Primo anno in cui il Barezzi Festival viene coinvolto nell’organizzazione di questo concerto; un importante e meritato riconoscimento…
Siamo molto onorati di poter contribuire ad un evento così importante e sentito in città. Dopo dodici edizioni di Barezzi sono felicissimo che questa amministrazione ci abbia premiato affidandoci questa bella responsabilità.
Sul palco di Piazza Garibaldi saliranno diversi nomi di spicco della scena musicale italiana. Lei che tipo di taglio ha voluto dare?
Per prima cosa abbiamo cercato di bloccare Mahmood per la sua data 0, non solo perché ha vinto Sanremo o perché è l’artista più seguito e ascoltato in radio e su Spotify, ma per dare un messaggio forte attraverso quei temi che dovrebbero oggi essere legati alla libertà di tutti senza alcuna distinzione di sesso, nazionalità o religione. Mi hanno colpito tantissimo le parole di Alessandro (Mahmood) che ha affermato di essersi sentito straniero solo dopo la vittoria a Sanremo…questo ci deve far riflettere su quanto sia necessario stare alla larga da tutte le cattiverie e falsità che oggi si sentono, ormai in modo quasi del tutto naturale, sulla questione “diversità”. Questo non va bene, viviamo in un clima di paura ingiustificata. Da un punto di vista artistico, ho cercato di declinare le sue due diverse anime scegliendo 2 proposte di livello assoluto: la prima, quella di Dimartino, legata al cantautorato; Antonio per me rappresenta una delle migliori penne che abbiamo in Italia, non è mai scontato né banale. Il suo ultimo disco sta avendo un meritato successo. La seconda scelta è legata ai Radiodervish che riguardano l’anima e il colore musicale di Mahmood e cioè tutta quella sonorità araba/mediterranea che abbraccia anche la nostra penisola. Nabil Salameh, frontman del gruppo è palestinese e da sempre un megafono a favore del suo popolo violentato ormai da decenni. Anche quella è lotta verso la libertà.
Crede che la musica, e l’arte in generale, possano ancora essere un’arma di lotta per la libertà?
Assolutamente sì. L’arte, in periodi bui come questo, ha il dovere di comunicare, sensibilizzare, destabilizzare le coscienze…

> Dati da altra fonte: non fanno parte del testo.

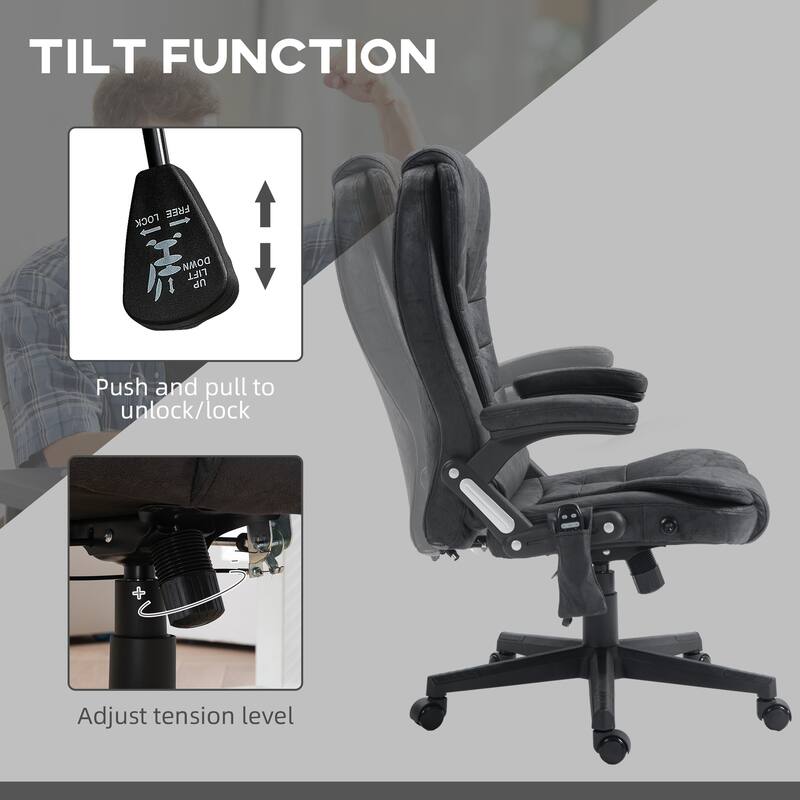 6 Point Vibrating Massage Office Executive Recliner Chair: with Heat, Reclining Backrest, Padded Armrests and Remote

Perché è importante, oggi più che mai, celebrare la Resistenza?
Nel 1945, dopo il periodo più buio del ‘900, e cioè il Fascismo, ci fu la liberazione grazie al sacrificio di tantissime persone. C’era una nazione da ricostruire in tutti i sensi. In quel periodo il senso di comunità e di rinascita fu più forte dei lutti e delle catastrofi del passato: tutta una nazione si rimboccò le maniche gettando le basi per il boom economico degli anni ‘60. Oggi stiamo vivendo un periodo molto oscuro, celebrare la resistenza significa “rinascere” o meglio svegliarsi da questo incubo. La musica è un ottimo conduttore.
Parma si prepara a diventare Capitale Italiana della Cultura 2020, sta già pensando a una edizione “speciale” del Barezzi Festival?
Ci sono diverse cose in cantiere che presto sveleremo!